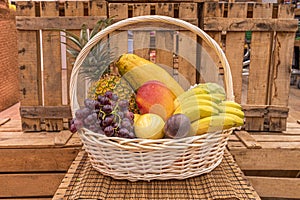 Unvarnished wicker basket filled with fresh fruits, bananas, mango, plums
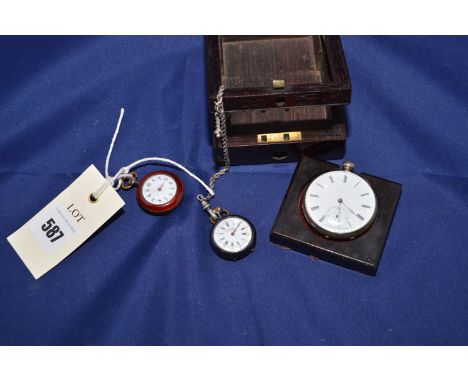 A red enamel cased fob watch, with white enamel arabic dial and seed pearl set shamrock reverse; a silver cased open faced po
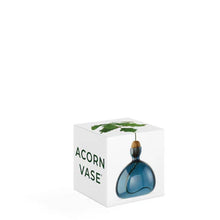 Load image into Gallery viewer, Blue glass acorn-shaped vase with green plant stem in white gift box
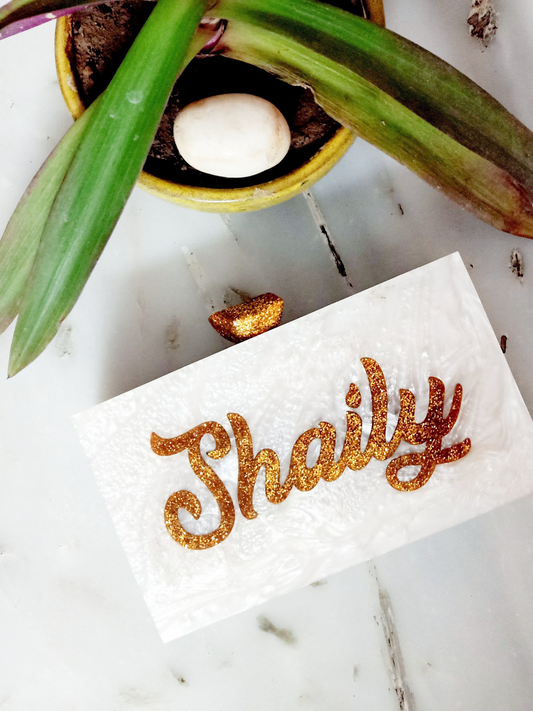 White glitter engraved customized clutch by aclutchstory featuring a sleek design and personalized engraving for elegant occasions.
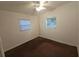 Neutral bedroom featuring two windows for natural light and neutral carpet at 919 Timor Ave, Orlando, FL 32804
☆ ☆ ☆ ☆
WHAT IS NEEDED ->
Working from the records above, reproduce exactly the lines from the one with "White glitter engraved" through the last line, without the pictures.

TASK OUTPUT ->
 White glitter engraved customized clutch by aclutchstory featuring a sleek design and personalized engraving for elegant occasions.
 Neutral bedroom featuring two windows for natural light and neutral carpet at 919 Timor Ave, Orlando, FL 32804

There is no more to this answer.